Hacker News new | ask | show | jobs
by alexggordon 4067 days ago
This website is great. However, this doesn't actually touch on the real issue.

I work at a MSSQL shop, and all of us know and are convinced that PG is better. Most of us use PG for our side projects and some of the dev's don't even use windows that much, with some custom MSSQL plugins we've built for linux. However, the problem still exists, of how do you port a ton of Databases over to Postgres? We're a multi-tenancy shop, so close to zero downtime is very important, and it would get really complicated if we ran multiple production versions of our app, one with a PG adapter and one with a MSSQL adapter.

A cursory Google search will show that you aren't going to get a ton of help converting them[0][1], not to mention the overhead of switching 20 developers from MSSQL to PG overnight.

This website is however excellent at convincing people to use PG over MSSQL. Perhaps, given the direction that Microsoft is going, they'll open source MSSQL overnight and it will become something competitively similar to PG in the long run.

[0] http://www.convert-in.com/mss2pgs.htm

[1] https://wiki.postgresql.org/wiki/Microsoft_SQL_Server_to_Pos...

2 comments

PostgreSQL doesn't have clustered indexes, materialized views, partitioned views, or a sane backup/restore procedure.

If you're already a licensed MSSQL customer, I'm not sure what advantages PostgreSQL could really have compared to it's slower performance and much higher operational costs.

Postgres absolutely has materialized views (I don't know what makes a backup / restore procedure "sane", but having had to do it for both SQL Server and Postgres I would definitely call Postgres's "saner").
It has a feature named materialized views, but it isn't close to being the real feature that MSSQL calls it.
> It has a feature named materialized views, but it isn't close to being the real feature that MSSQL calls it.

MSSQL doesn't have a featured called materialized views, it has a feature called indexed views which happens to implement a fairly robust version of the general DB pattern called materialized view.

PG has less mature materialized views (which are called materialized views) starting from 9.3, with additional features in 9.4, and which can be expected to mature further over at least the 9.5 and 9.6 cycles, from what I've seen various places.

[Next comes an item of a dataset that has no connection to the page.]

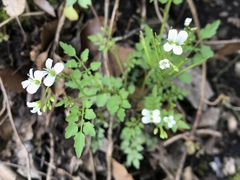 Cardamine auriculata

Certainly, SQL server is ahead on materialized views, but its not an "SQL server has them, Postgres doesn't" kind of thing.

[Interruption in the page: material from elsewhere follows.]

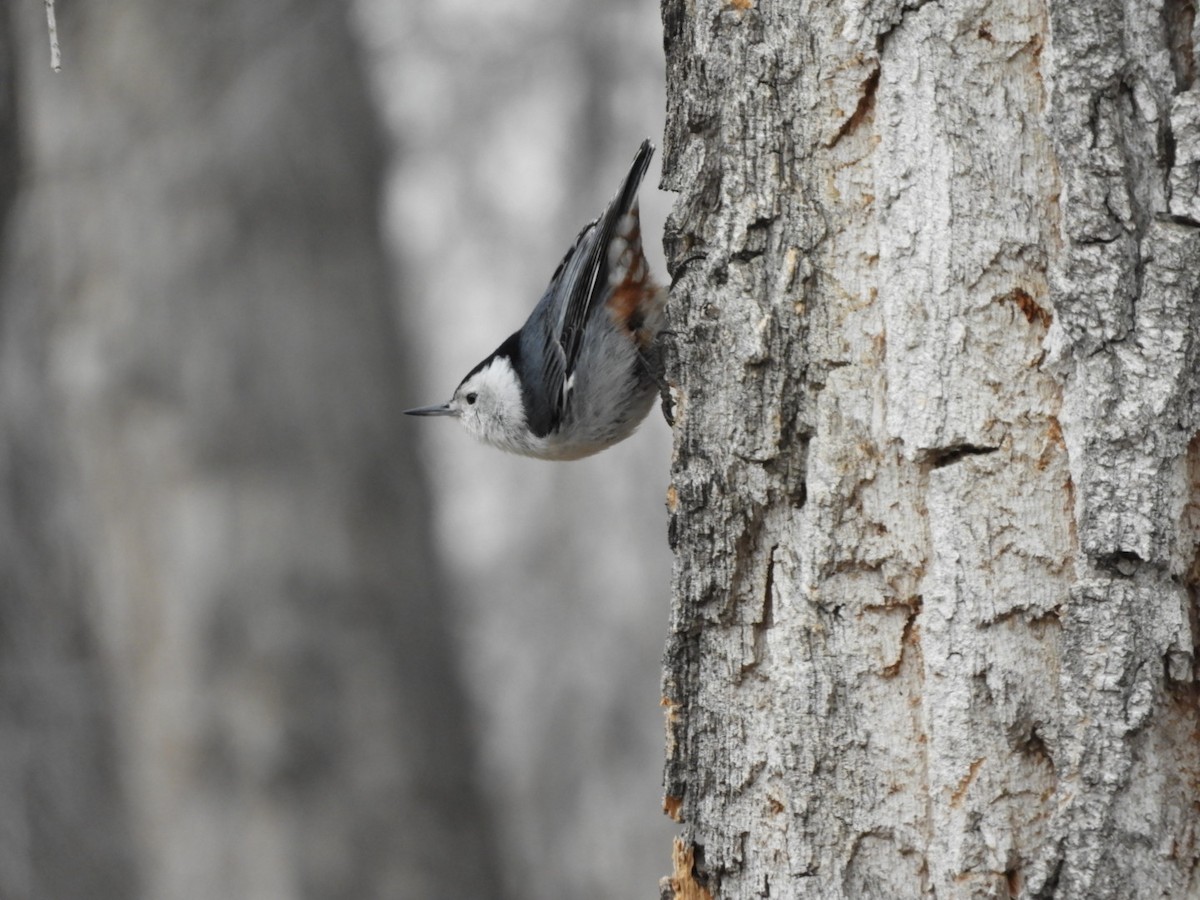 White-breasted Nuthatch - ML217286441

SQL server can't do materialized views that refresh on demand, while postgres can't do materialized views that refresh automatically.

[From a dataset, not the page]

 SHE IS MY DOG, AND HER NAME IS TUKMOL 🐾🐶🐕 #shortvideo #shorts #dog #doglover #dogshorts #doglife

Personally, I saw materialized views that refresh on demand used much more than materialized views that refresh automatically, even though Oracle can be both.

Well I can't think of a scenario where I want a single-updated materialized (or indexed) views. Because I can already do that by creating a table from a SELECT statement. So I don't see the point or use of what PG has implemented. I asked in IRC and got the same answer. It's like saying a read-only table supports updates cause you can drop it and rebuild it with the new data.

When would anyone really need PG's version of this feature over creating a table from a query? Out of all the usages of "I need an indexed/materialized view", PG covers essentially none of them, at least that I can think of.

Anything you can do with materialized/indexed views (including most conceivable update models) you can do with the right combination of creating tables with SELECT statements and the right triggers to rebuild and/or update the tables.

What specialized syntax for materialized views and related configuration provides is some combination of clarity of intent, developer convenience, performance improvements over the most naïve update implementations, and additional information for the planner to use to optimize queries.

Postgres current level of support for named-as-such MVs provides basically the first two benefits for certain situations (and a little bit of the third in certain situations via REFRESH MATERIALIZED VIEW CONCURRENTLY.)

re: Materialized Views: I stand corrected! Thanks. (CREATE MATERIALIZED VIEW was introduced in v9.3)

The backup/restore procedure in PostgreSQL (last I looked, latest I've used is 9.2) is just statement generation. It's not a binary backup. So it's bound by INSERT performance.

Which is rage inducing when you have even just tens of millions of rows.

MSSQL'97 could do a backup/restore in a small fraction of the time. And if you just wanted to move data from Server A to Server B? You could link servers and just SELECT INTO.

No clustered index? What about CLUSTER?

http://www.postgresql.org/docs/9.4/static/sql-cluster.html

CLUSTER instructs PostgreSQL to cluster the table specified by table_name based on the index specified by index_name. The index must already have been defined on table_name.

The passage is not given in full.